5.Generic research in content technologies. The project has also extended natural language
processing to support the automatic generation of search terms, which may be
extended to foreign language search terms. This may be in future be extended to
develop and implement a multilingual query translator which, when combined with
the Z39.50 search and retrieve protocol, could be programmed to broadcast the translated
query in many languages to search appropriate foreign language catalogues. This
could include the language of special communities and dialects.
6.The integration of geographic information into the
web-based service environment (e.g. Information Visualization).

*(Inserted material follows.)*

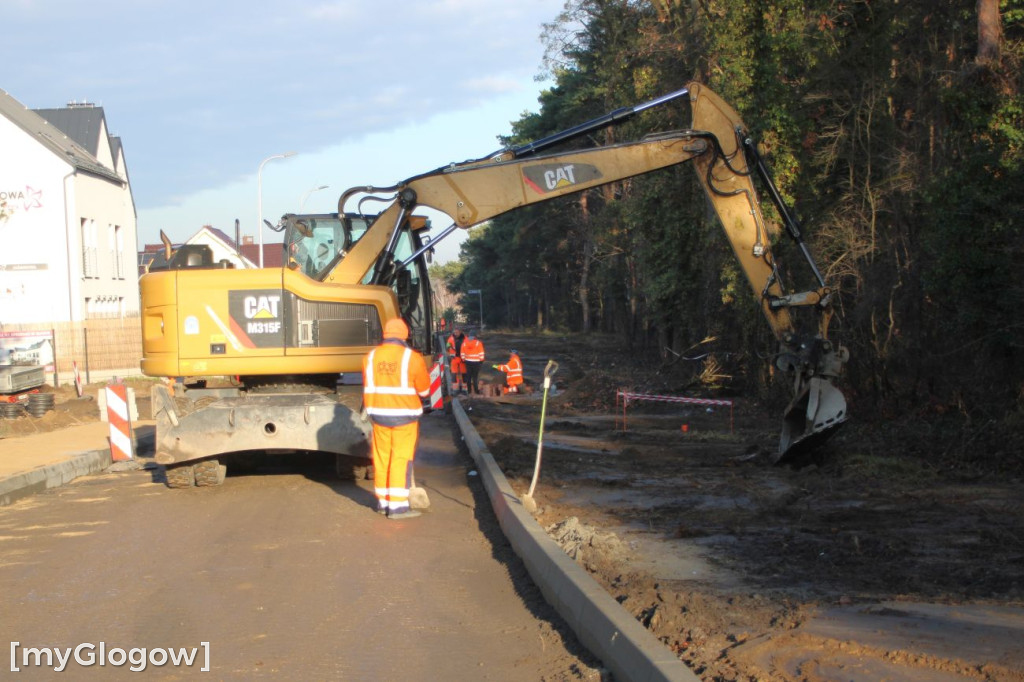 Budują drogi w Sławie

The project has integrated techniques of natural
language processing with a GIS information visualization system (TimeMap).
7.Access to Digital Resoruces. An outcome of the Cheshire project is to exploit the
content of distributed repositories in an interoperable, standards-based
framework. This will be the basis for extending the technology to support
generic information brokers or gateways already funded, accommodating a variety
of cultural and scientific datasets. The integration of scientific and cultural
resources into VLEs/MLEs may result in improved access for teachers and
learners while at the same time resulting in cost-effective operations of
services which can remain totally distributed, rather than federated or hybrid.
A
primary research objective of this project has been to bring complex discovery
techniques to bear on narrowing, organizing, and rectifying the resources that
follow a first-level search. The development and implementation of this as part
of the Cheshire system through the techniques cited above has been undertaken
to ensure that users can create the most accurate and precise views of
information possible based on their interest, and the project itself is
intended to achieve the highest degree of interoperability.